Perhaps the most widespread broadband wireless data communication technology today is wireless LAN technology, also referred to as 802.11, Wi-Fi and hotspots.  This is essentially Ethernet LANs with space as the physical medium, operating in unlicensed bands at data rates measured in the tens or maybe hundreds of Mb/s and ranges measured in the tens or hundreds of feet.

Wireless LANs - Wi-Fi - 802.11
Wireless LANs - Wi-Fi - 802.11

A typical set-up employs a radio base station, called an Access Point (AP), and wireless interfaces built into devices including computers, printers, cameras, phones and music players.

The Access Point is usually part of a device called the Customer Edge (CE). The CE also includes an Ethernet switch, routing, Dynamic Host Configuration Protocol (DHCP), Network Address Translator (NAT), firewall and port forwarding, and if supplied by an Internet Service Provider (ISP), will also include a DSL or Cable modem, or for the lucky few, a fiber port. Those topics are covered in other courses. This lesson concentrates on the radio aspect of Wi-Fi.

The AP defines a Service Set ID (SSID) text string, which it may or may not broadcast. This shows up on the list of available networks on a wireless device trying to connect.

802.11 wireless LANs are half-duplex: only one device can transmit at a time. Devices transmit only if they have data to send. Otherwise, another device can use the bandwidth. This technique is called statistical Time-Division Duplexing (TDD). It is more efficient than Bluetooth, with its regular TDD reserving half of the slots for each direction whether they will be used or not. But it also means that the actual throughput will be less than half the advertised rate during two-way communications, and worse with each added station using the AP.

Standards are published by the 802.11 working group of the Institute of Electrical and Electronic Engineers (IEEE). These include 802.11a, 802.11b, 802.11g, 802.11n and 802.11ac.

802.11b and g operate in the 2.4 GHz ISM band, offering a maximum of 11 and 54 Mb/s respectively. 802.11b uses Direct Sequence Spread Spectrum like cellular CDMA, and 802.11g implements OFDM like LTE, both allowing multiple devices at the same time in the same space.

However, many other devices including cordless phones, baby monitors and Bluetooth operate in this band, meaning significant performance-lowering interference. It is possible to listen to 802.11b transmissions on an analog 2.4 GHz cordless phone. Microwave ovens operate at 2.4 GHz and can cause radical interference with Wi-Fi communications.

802.11a operates in a 5 GHz unlicensed radio band, supporting a maximum of 54 Mb/s using OFDM. The 5 GHz band is relatively free of interference, but the higher frequency also means shorter range and poorer penetration through walls. In practice, line-of-sight between the access point and the terminal are necessary to achieve 54 Mb/s.

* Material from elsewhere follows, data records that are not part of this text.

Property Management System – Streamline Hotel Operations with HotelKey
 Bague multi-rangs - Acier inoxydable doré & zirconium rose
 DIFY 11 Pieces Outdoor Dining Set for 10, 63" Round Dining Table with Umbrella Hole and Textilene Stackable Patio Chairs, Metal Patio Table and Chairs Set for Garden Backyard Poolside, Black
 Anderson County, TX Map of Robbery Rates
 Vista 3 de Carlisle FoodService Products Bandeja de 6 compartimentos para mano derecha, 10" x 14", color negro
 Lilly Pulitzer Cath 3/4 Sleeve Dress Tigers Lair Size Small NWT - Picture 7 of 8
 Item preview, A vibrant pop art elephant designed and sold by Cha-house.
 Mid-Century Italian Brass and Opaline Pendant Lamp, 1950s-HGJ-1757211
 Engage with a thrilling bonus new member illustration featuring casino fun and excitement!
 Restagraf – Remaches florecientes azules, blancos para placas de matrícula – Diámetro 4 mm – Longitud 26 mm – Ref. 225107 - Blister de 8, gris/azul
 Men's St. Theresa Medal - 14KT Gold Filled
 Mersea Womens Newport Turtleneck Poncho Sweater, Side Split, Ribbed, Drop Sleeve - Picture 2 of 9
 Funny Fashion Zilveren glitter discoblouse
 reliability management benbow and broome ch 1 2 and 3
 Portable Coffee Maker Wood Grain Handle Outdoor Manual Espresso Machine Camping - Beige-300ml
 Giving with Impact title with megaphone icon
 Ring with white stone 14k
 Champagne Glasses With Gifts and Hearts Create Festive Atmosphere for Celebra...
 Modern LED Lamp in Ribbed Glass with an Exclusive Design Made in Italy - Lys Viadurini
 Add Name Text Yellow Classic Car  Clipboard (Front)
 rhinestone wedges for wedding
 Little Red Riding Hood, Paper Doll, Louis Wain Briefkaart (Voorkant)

802.11n uses the 2.4 and/or 5 GHz bands, optimizing for power to noise ratio between the bands. 802.11n also supports 20 MHz and/or 40 MHz channels – using more of the wireless spectrum when available to enhance performance, and allows parallel transmission using 1 to 4 radios in Multiple-Input, Multiple-Output (MIMO) systems to achieve very high data rates.

In theory, 802.11n will implement 300 Mb/s with a single antenna… but that would be on the moon, where there are no atoms between the transmitter and receiver and no interference. As soon as there is anything between the transmitter and receiver – like water molecules, plaster, concrete and so forth, and/or interference, the power-to-noise ratio and thus bit rate drops.

802.11ac operates at 5 GHz with wider bands to purportedly achieve 500 Mb/s.

802.11 wireless LANs are mostly used to access the Internet for email, web surfing, youTube, Netflix and the like. Voice over IP (VoIP) telephone calls over Wi-Fi is a growth area.

A cellphone, iPod, or tablet with 802.11 and Skype to connect over the Internet to the telephone network has no need to pay for cellular service to make a phone call whenever the device is in range of an 802.11 network… which may be "most of the time" in the future.